A+Pitt+Graduate+School+of+Public+Health+study+found+that+physicians+who+received+gifts+from+pharmaceutical+companies+related+to+opioid+medications+were+more+likely+to+prescribe+opioids+to+their+patients.+

Liz O. Baylen, Los Angeles Times | TNS

A Pitt Graduate School of Public Health study found that physicians who received gifts from pharmaceutical companies related to opioid medications were more likely to prescribe opioids to their patients.

By Emily Wolfe, News Editor

There were 58 opioid prescriptions written for every 100 Americans in the United States in 2017, according to Mara Hollander. And she thinks she and her co-authors on a new Pitt study have found part of the reason why.

“That is a tremendous amount of prescribing in a country that is struggling with an opioid epidemic,” Hollander, a doctoral student in Pitt Public Health and the lead author of a new Pitt study on opioid prescriptions, said in a press release.

Hollander said she and her co-authors have found a consistent factor that led doctors to prescribe opioids — gifts from pharmaceutical companies. The companies are required by law to report the value of the gifts they give to physician-researchers, which can include consulting fees, travel and lodging, education and more.

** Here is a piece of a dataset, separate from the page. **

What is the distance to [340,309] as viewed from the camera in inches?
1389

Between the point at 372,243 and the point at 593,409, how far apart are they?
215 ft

The study, published Oct. 30 in the Journal of General Internal Medicine, found that physicians across a number of specialties are more likely to prescribe opioids to their patients if the physicians have received gifts from pharmaceutical companies.

The increase in likelihood varies across specialty, the researchers found. Primary care physicians, for instance, were 3.5 times more likely to prescribe opioids to patients if they had received gifts from pharmaceutical companies totaling more than $100. But psychiatrists and neurologists who received gifts on the same level were 13 times more likely to prescribe opioids.

Opioid giants Insys and Purdue were responsible for more than two-thirds of the gifts granted to the 236,000 physicians included in the study, though a total of 18 companies provided gifts related to opioids.

Senior author Marian Jarlenski, an assistant professor of health policy and management at Pitt Public Health, said in the release that although overdose death rates have leveled off in the last year, the opioid epidemic is “nowhere close to being over,” and politicians need to continue to seek solutions to the crisis with the new findings in mind.

“I would encourage policymakers and state and federal health officials to really dig into these findings and develop interventions that address this relationship between pharmaceutical company gift-giving and opioid prescribing,” Jarlenski said.